Forum Topics SOL SOL #merger

Pinned straw:

Added a month ago

TLDR; 1+1 = 2 not 3



The proposed merger with Brickworks could result in a new ASX50 name.

Esther Holloway

Soul Patts and Brickworks have agreed to merge. The new combined entity will also raise about AUD 1.3 billion of new equity to cover transaction costs and reduce debt. Since the announcement, shares in Brickworks and Soul Patts were up 28% and 16%, respectively. 

Fundamentals don’t justify rally

The market likes the deal, and we agree that it has merits. It fixes a long-standing governance issue by eliminating the cross-shareholding, boosts free float, and may result in ASX 50 inclusion. Given the positive market reaction, we expect the merger to go through. 

We don’t see material synergies and neither does management. Cost-cutting in Brickworks isn’t on the table, and savings from lower listing fees are negligible. The merger doesn’t create value, so fundamentals don’t justify the share price rally. 

Instead, the merger reallocates value between the existing shareholders of Soul Patts, Brickworks, and the new investors in the institutional equity raise. One plus one still equals two, and for every winner, another party must pay up. 

Merger undervalues Brickworks

The merger undervalues no-moat Brickworks, and we cut our Fair Value estimate 9% to AUD 29 per share. It would lift Soul Patts’ fair value estimate by about 3%, but this is offset by transaction costs. Our AUD 35 fair value estimate stands. 

Both companies are overvalued after the rally. Perhaps Soul Patts shareholders expect more demand from passive money, and indeed, many large caps we cover trade at a premium. 

The combination of the two companies is likely to see extra near-term demand for the shares. But to unwind the cross shareholding, Brickworks shareholders will need to pay. We will make a call on the relative merits of this when we see a scheme booklet

Strawman
Added a month ago

Gosh, the author is a bit harsh in calling Brickworks "no moat" imo @Chagsy

Over the last decade, according to Commsec, Brickworks has averaged a 28% net margin (very much juiced by non-cash gains from property revaluations and its Soul Patts stake) but still well above what you'd expect from a no-moat business. To be fair, the Building Products segment is commoditised and cyclical, and much lower margin. Still, I'd argue that its scale, vertically integrated operations, and strategic location of clay pits offer some not-insignificant competitive advantages.

But i'm just nit picking.

I do agree that the share price jumps are a bit overdone. Soul Patts reckons the merger will unlock $1.2 billion in value, largely from simplifying the cross-shareholding structure, improving liquidity, and boosting index appeal. But on the day of the announcement, Brickworks alone jumped by that amount in market cap, with Soul Patts adding another $1.8 billion. So, the combined gain of ~$3 billion far exceeds what they suggested the restructure might unlock.

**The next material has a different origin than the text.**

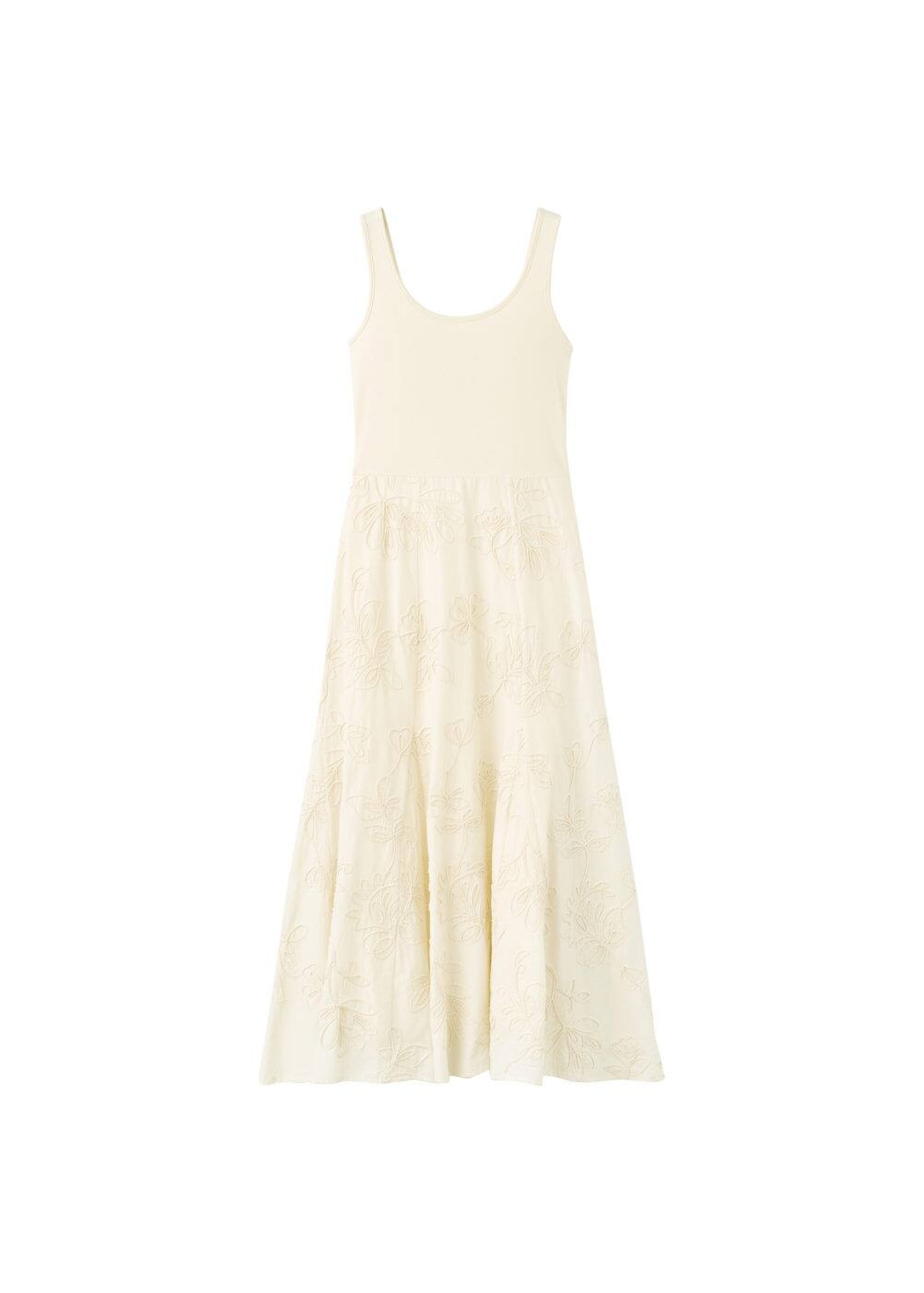 MANGO Kleid in Beige: Vorderseite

That tells you one of two things: either management lowballed the upside, or the market is getting well ahead of itself.

35

Bushmanpat
Added a month ago

Must be the first because the market is always efficient so can't get ahead of itself ;)


14

thunderhead
Added a month ago

Morningstar has always rated Brickworks as a "no moat" name, which is fairly laughable given the difficult-to-replicate assets they have.